Switching is the actual mechanism by which a message is removed from the input buffer and placed in the output buffer. The switching technique applied has an over-whelming effect on message latency and hence the choice of switching method is crucial in designing any distributed memory computer. The design space of the switching technique is shown in the figure.
In the first-generation multicomputer, the packet switching mechanism was borrowed from the world of computer networks. The packet switching mechanism behaves in a store and forward manner similar to the mail service. A message is divided into packets which are sent independently via the communication network between the source and the destination nodes.

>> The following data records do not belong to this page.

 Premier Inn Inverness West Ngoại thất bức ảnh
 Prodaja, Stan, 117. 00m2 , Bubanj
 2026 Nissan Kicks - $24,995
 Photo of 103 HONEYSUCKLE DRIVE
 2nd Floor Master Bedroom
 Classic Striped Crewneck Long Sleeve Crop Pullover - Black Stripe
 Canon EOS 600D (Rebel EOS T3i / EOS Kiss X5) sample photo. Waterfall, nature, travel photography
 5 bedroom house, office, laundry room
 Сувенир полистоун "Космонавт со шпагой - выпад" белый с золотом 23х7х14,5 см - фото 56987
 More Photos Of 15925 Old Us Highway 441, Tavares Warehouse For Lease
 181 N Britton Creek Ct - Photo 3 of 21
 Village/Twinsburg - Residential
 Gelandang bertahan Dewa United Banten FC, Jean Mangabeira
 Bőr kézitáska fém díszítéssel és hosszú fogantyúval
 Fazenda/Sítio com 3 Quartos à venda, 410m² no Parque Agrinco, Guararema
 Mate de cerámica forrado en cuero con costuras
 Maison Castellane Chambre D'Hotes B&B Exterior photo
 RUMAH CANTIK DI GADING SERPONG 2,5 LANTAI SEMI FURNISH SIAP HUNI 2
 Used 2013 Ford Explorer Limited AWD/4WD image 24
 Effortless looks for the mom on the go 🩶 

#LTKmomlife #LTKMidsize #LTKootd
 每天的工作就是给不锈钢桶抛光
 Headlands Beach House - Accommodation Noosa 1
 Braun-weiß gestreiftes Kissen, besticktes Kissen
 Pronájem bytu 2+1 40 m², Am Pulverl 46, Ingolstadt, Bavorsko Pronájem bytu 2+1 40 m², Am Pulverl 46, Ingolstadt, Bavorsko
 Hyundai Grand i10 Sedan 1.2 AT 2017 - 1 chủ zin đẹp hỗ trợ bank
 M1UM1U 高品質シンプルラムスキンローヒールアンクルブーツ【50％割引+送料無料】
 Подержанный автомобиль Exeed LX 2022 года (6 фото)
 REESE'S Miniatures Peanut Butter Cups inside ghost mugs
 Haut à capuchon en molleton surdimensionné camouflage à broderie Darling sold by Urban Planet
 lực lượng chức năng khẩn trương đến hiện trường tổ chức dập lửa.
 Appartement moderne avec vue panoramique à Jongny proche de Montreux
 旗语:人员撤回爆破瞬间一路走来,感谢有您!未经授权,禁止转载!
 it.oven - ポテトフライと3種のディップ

Circuit switching methods behave analogously to telephone systems where a path between the source and destination is initially built up and the circuit is held until the entire message is transmitted. The circuit switching mechanism is realized in three phases −
In the first phase, the communication circuit is built up by sending a special short message called the probe through the network. The probe plays a similar role to the packet header in packet switching schemes. When the communication circuit is established, the second phase can be started in which the actual message is sent via the communication circuit. During this phase, the channels constituting the circuit are reserved exclusively, and no other messages can be transmitted by them.
In the last phase, the circuit is destroyed, either by the tail of the transmitted message or by an acknowledgment message returned by the destination node. If the desired channel is used by another circuit in the circuit establishment phase, the partially built-up circuit may be destroyed.
Virtual cut-through attempts to integrate the advantage of packet switching and circuit switching. The message is divided into small units known as flow control digits or flits. As long as the required channels are free, the message is forwarded between nodes flit by flit in a pipeline fashion.
If a required channel is busy, flits are buffered at intermediate nodes. It is depending on the size of the available buffers, virtual cut-through can behave in different ways. If the buffers are large enough, the entire message is buffered at the blocked intermediate node, resulting in a behavior similar to packet switching. If the buffers are not large enough, the message will be buffered across several nodes, holding the links between them.
Wormhole routing is a special case of virtual cut-through, where the buffers at the intermediate nodes are the size of a flit. The advantage of wormhole routing over circuit switching and virtual cut-through appears in networks where contention is not negligible. In circuit switching, once a channel is assigned to a message, it cannot be used by other messages until the channels become free. In virtual cut-through, blocked messages must be stored in the buffer of intermediate nodes.